What would you like to be added?

1）Export binding-apiserver as apiserver directly to user, the server path not need add lusterpedia.io/v1beta1/resources suffix；
2）clusterpedia-apiserver support service nodeport;

In a word, we want to use binding-apiserver like this:

apiVersion: v1
kind: Config
clusters:
- name: default-cluster
  cluster:
    insecure-skip-tls-verify: true
    server: https://${binding-apiserve-ip}:${binding-apiserve-port}
contexts:
- name: default-context
  context:
    cluster: default-cluster
    namespace: default
    user: default-user
current-context: default-context
users:
- name: default-user
  user:
    token:  abc

The binding-apiserve-ip could be clusterpedia-apiserver service ip or host cluster node ip.
The binding-apiserve-port could be clusterpedia-apiserver service port or nodeport.

Why is this needed?

In normal case, binding-apiserver works as a aggregated apiserver, and exposed by host apiserver. So all binding-apiserver requests must forward by host apiserver, and it effects host apiserver performance. In other case, we want to watch binding-apiserver, but after a while, we get some error.

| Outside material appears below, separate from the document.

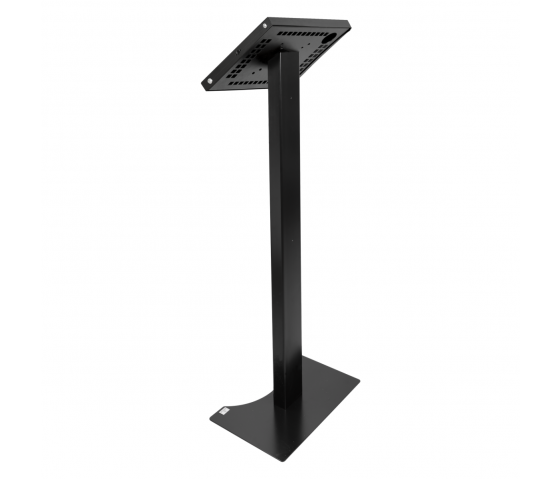 Soporte de suelo Sublime Securo L para tablets de 12-13 pulgadas - negro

I1109 09:23:51.743143       1 httplog.go:131] "HTTP" verb="GET" URI="/apis/clusterpedia.io/v1beta1/resources/api/v1/nodes?limit=500" latency="7.3116ms" userAgent="kubectl/v1.16.15 (linux/amd64) kubernetes/2adc8d7" audit-ID="4132ae59-b216-485f-8a83-2caa0d5c6085" srcIP="10.0.0.4:47654" apf_pl="workload-low" apf_fs="service-accounts" apf_iseats=1 apf_fseats=0 apf_additionalLatency="0s" apf_execution_time="7.111772ms" resp=200
I1109 09:24:21.745886       1 panic.go:884] "HTTP" verb="WATCH" URI="/apis/clusterpedia.io/v1beta1/resources/api/v1/nodes?resourceVersion=eyJlZGdlLWNsdXN0ZXItMDEiOiIxNTY1NTQ2MTcifQ&watch=true" latency="30.000275432s" userAgent="kubectl/v1.16.15 (linux/amd64) kubernetes/2adc8d7" audit-ID="61dbd476-1c2b-4191-983e-4a8ee928906c" srcIP="10.0.0.4:47654" apf_pl="workload-low" apf_fs="service-accounts" apf_iseats=1 apf_fseats=0 apf_additionalLatency="0s" resp=200
E1109 09:24:21.745986       1 wrap.go:53] timeout or abort while handling: method=GET URI="/apis/clusterpedia.io/v1beta1/resources/api/v1/nodes?resourceVersion=eyJlZGdlLWNsdXN0ZXItMDEiOiIxNTY1NTQ2MTcifQ&watch=true" audit-ID="61dbd476-1c2b-4191-983e-4a8ee928906c"
E1109 09:24:21.746163       1 timeout.go:141] post-timeout activity - time-elapsed: 260.416µs, GET "/apis/clusterpedia.io/v1beta1/resources/api/v1/nodes" result: net/http: abort Handler

Answer 1 · 2023-11-10T06:05:43.000Z

Hi @huiwq1990,
Thanks for opening an issue!
We will look into it as soon as possible.

Details

Instructions for interacting with me using comments are available here.
If you have questions or suggestions related to my behavior, please file an issue against the gh-ci-bot repository.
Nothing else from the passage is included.